As agreed at the Council meeting, we will be participating in the preparation of a long-term NATO programme to meet the changing defence needs of the 1980s and to review the manner in which the Alliance implements its defence programmes to ensure more effective follow-through.

Is the Secretary of State aware how pleased the Americans and our other NATO allies were at the informal commitment made by the Prime Minister and other Ministers at the Summit that next year's £230 million defence cuts would be drastically modified? Is he aware that if we go back on this commitment, disillusion among our allies will be complete?

I am not aware of the sources on which the hon. Member relies for his observations, but if he studies the communiqué and the text that has been released of President Carter's speech he will see there is no question of resource allocation in that speech, and there is no commitment to revise the figures. This matter will be looked at in the ordinary way in which the Government assess future defence expenditure and other public expenditure programmes. There is no commitment to increase defence expenditure as the hon. Member has suggested.

Can the Secretary of State say whether, in this consideration of the changing defence needs for the 1980s, any assessment has been made of the Soviet breakthrough in laser weapons? Will he give his own assessment of the implications of this for British defence needs in the 1980s?

The assessment will be made by a series of studies, which I hope will be placed in the hands of the NATO military authorities, and will cover all aspects. I think that the Press reports about Soviet laser technology are exaggerated, and my hon. Friend will know that President Carter has made a similar observation.

Returning the original Question, surely the excuse for cuts in defence expenditure has been the Government's attachment to the proportion of gross national product. If the GNP goes up, as we are told it will by the Prime Minister and the Chancellor of the Exchequer, will defence expenditure rise in proportion?

It would be unwise to make arrangements in one part of that equation without being sure that the other part has been satisfactorily achieved. There is wide recognition among all our NATO ministerial colleagues of the very substantial contribution that we make. They realise that in our special economic circumstances we are making a significant contribution, although naturally they would want us to do more.

Does the Secretary of State agree that any acceptance of proposals to increase expenditure within NATO would make it impossible to realise the commitment made by the present Secretary of State for Northern Ireland when he was Secretary of State for Defence to reduce the percentage of GNP that was devoted to defence?
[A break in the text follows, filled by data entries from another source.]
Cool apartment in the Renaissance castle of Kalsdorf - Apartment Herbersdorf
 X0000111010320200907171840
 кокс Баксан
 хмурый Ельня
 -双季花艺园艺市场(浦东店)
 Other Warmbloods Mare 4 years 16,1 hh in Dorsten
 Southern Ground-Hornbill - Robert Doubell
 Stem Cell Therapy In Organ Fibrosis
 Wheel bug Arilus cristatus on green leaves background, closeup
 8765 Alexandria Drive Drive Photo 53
Would it not be disgraceful, at a time when so many other sectors of public expenditure are being starved of funds, to go ahead with advancing defence expenditure? Would it not also conflict with the agreement that we have made with the IMF?

There is some difficulty in understanding the time scale. The discussions in the NATO Defence Planning Committee last week were concerned with the period from 1979 onwards. I would not think that this afternoon was the appropriate time to take decisions for a period as far ahead as that.

Will the Secretary of State tell the House what is the point of either him or the Prime Minister attending the NATO meetings, making agreements and signing communiques if, immediately afterwards, they refute what has been signed?

The right hon. Member has enough experience to realise that a communique is not a form of binding commitment. [HON. MEMBERS: "Disgraceful."] Yes it is disgraceful, and I shall quote an example that occurred when the right hon. Member was a distinguished member of the previous Conservative Government. He went in a contrary direction to a communique that he had signed a little while before. If the House and the right hon. Member study the communiques issued after the London or Brussels meetings they will find nothing whatsoever in them that is contradictory to what I have told the House this afternoon.